**What the task asks:** Once the line containing "Kitchen Gadgets Latest" is found, copy that line and all remaining lines of the records exactly, including the last one, and add nothing.

**Dataset entries:**
※ ※ ※

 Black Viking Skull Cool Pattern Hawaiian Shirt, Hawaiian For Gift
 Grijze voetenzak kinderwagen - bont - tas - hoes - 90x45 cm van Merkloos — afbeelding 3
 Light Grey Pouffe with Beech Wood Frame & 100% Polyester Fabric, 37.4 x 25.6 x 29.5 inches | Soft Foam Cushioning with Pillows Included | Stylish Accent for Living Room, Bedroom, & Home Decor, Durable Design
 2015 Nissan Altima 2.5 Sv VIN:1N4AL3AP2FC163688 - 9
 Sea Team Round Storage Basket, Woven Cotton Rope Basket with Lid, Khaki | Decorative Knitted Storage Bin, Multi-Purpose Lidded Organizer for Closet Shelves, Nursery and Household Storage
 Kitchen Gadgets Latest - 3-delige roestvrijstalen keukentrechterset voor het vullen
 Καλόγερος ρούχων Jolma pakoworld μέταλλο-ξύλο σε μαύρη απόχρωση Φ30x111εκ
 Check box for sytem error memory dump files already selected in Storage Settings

※ ※ ※

**Answer to this problem:**
 Kitchen Gadgets Latest - 3-delige roestvrijstalen keukentrechterset voor het vullen
 Καλόγερος ρούχων Jolma pakoworld μέταλλο-ξύλο σε μαύρη απόχρωση Φ30x111εκ
 Check box for sytem error memory dump files already selected in Storage Settings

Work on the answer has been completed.